## DATASET EXTRACT

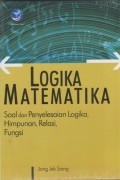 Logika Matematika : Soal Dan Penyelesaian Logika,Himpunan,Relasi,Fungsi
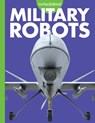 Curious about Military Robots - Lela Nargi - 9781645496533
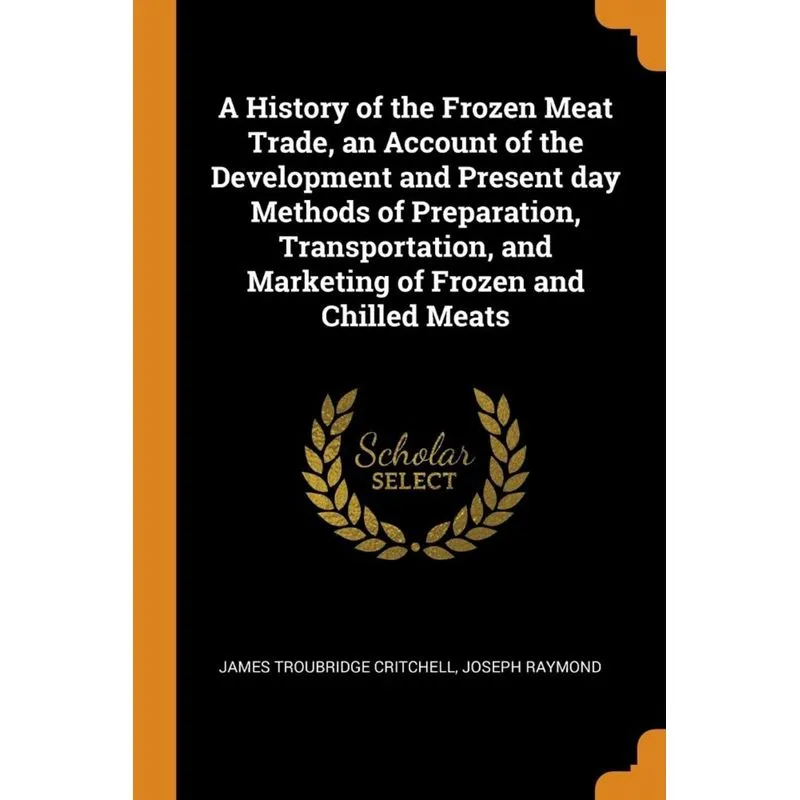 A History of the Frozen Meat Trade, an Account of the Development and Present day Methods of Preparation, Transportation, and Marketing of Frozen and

## WHAT THE EXERCISE ASKS
Exactly as written, copy out the listing, but without any pictures.

## EXERCISE SOLUTION
 Logika Matematika : Soal Dan Penyelesaian Logika,Himpunan,Relasi,Fungsi
 Curious about Military Robots - Lela Nargi - 9781645496533
 A History of the Frozen Meat Trade, an Account of the Development and Present day Methods of Preparation, Transportation, and Marketing of Frozen and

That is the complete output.